# New Dart Frog Exo Terra the good and the bad.



## aapuzzo (Apr 20, 2020)

I am constructing my first vivarium using the newer Dart Frog Exo Terra and while I think there are improvements I see a few good changes and a few fails.

The good.

The new drain system is awesome if you actually use it. Just a thin layer of leca balls and I no longer have to dread building an egg crate bottom to reduce weight. My least favorite thing in the -world to do. This is usually why I stall in making new setups.
The gap tolerance on the glass is improved.
The top has partial glass and screen even though I would prefer more glass.
You can easily drill the top to add mist king nozzles. You need 2 singles instead of the typical double.

The bad

I hate how you can't remove the top unless you can open it a full 90 degrees because it just swings up being hinged in the back. This is crap if you use a bakers rack system because then you can't take the top off. I used to have an extra top I converted to glass that I would swap out for cleaning.
The biggest flaw is the bottom spacing below the vent on the 18x18x18 is an inch smaller than that on the old12x12x24. The old 18x18x18 is about double. I only partially understand what they were going for, If you actually use the drain there is no need to have as big of a false bottom. You only need a small layer of leca balls.
The new Dart Exo 18x18x18 is actually shorter than the old 12x12x18 and 18x18x18. So they don't look clean sitting side by side in a bakers rack. It looks like the inch of glass they saved on the bottom they didn't add into the top which was silly.
You have to use the drain system because you can't have decent leca layer.
I think the top still has too much screen and not enough glass but this can be remedied with plastic wrap or cutting a piece of glass and fitting it into the opening in the screen section.

The final verdict
I will try and make it work but I really think the bottom section still needed to be a little deeper to support a larger bioactive layer. Look at the marketing material online for the enclosure and you will see they almost have no or no ABG mix layer or even a screen above the leca???

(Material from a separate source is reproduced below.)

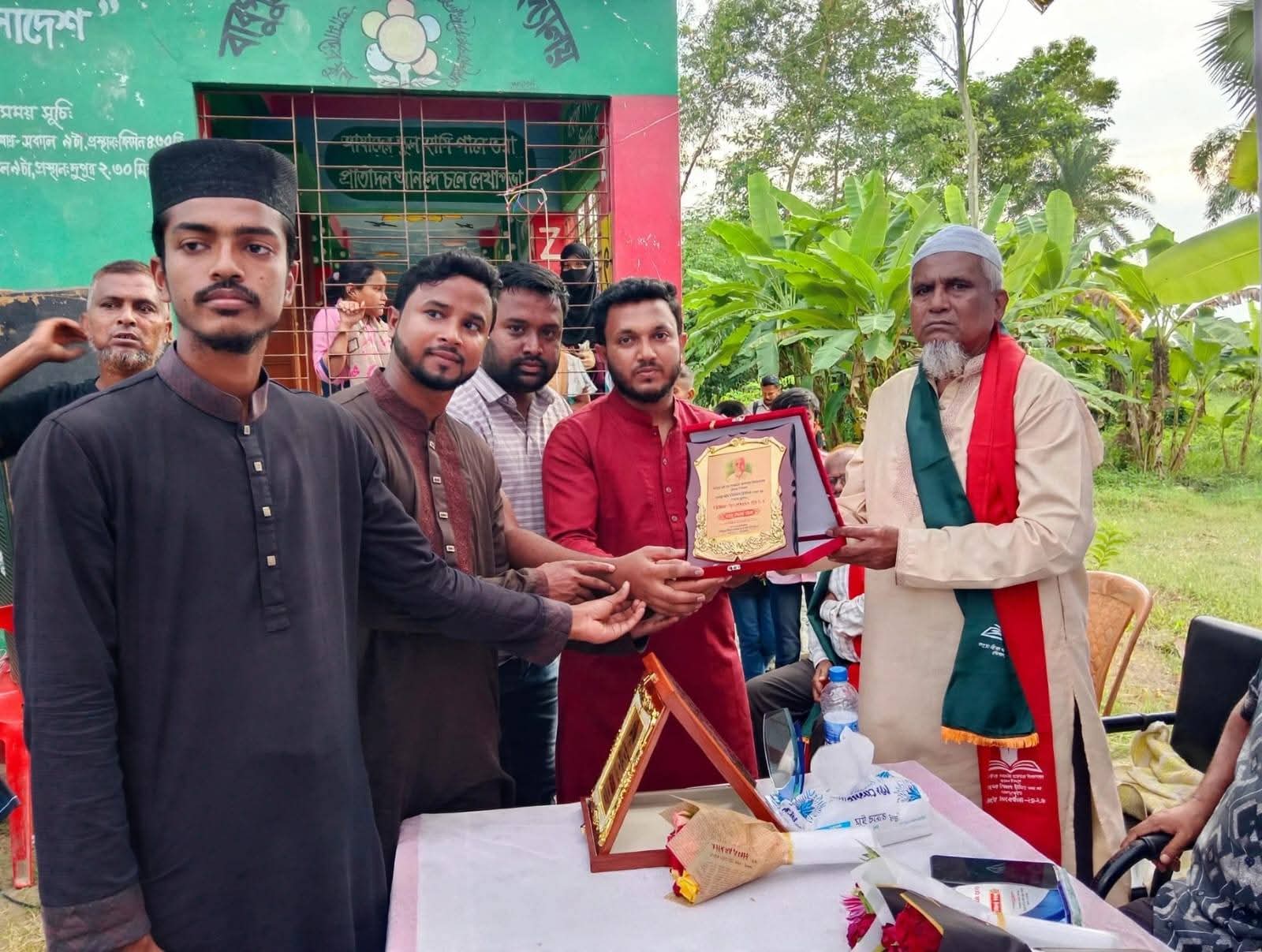 সেনবাগে ৩৪ বছরের শিক্ষকতা শেষে গিয়াস উদ্দিন স্যারকে অশ্রুসিক্ত বিদায়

Marketing picture. How is this even bioactive without any soil? I don't even see a screen .











Height next to standard 12x12x18. See how its shorter.










How are you going to make a good bioactive layer in that space with some leca without covering the front vents? Anybody that has ever worked with a 12x12x18 knows that even had a smaller bottom section than a 18x18x18. This is even smaller.


----------



## jeffkruse (Jun 5, 2018)

What if you just had one or two layers of egg crate directly on the bottom with a hole snipped out for the drain. Then screen on top of that?


----------



## JPP (Mar 25, 2015)

You can remove the hinged top. You have to open it up until its vertical and pull up on it.


----------



## aapuzzo (Apr 20, 2020)

JPP said:


> You can remove the hinged top. You have to open it up until its vertical and pull up on it.


I just tried and it does come off fairly easy but the main issue for me is it doesn't work in a bakers rack or if you can't open the top all the way.


----------



## fishingguy12345 (Apr 7, 2019)

Here's my review of the 18x18x24" new exo terra "tree frog terrarium" "New" exo terra "tree frog...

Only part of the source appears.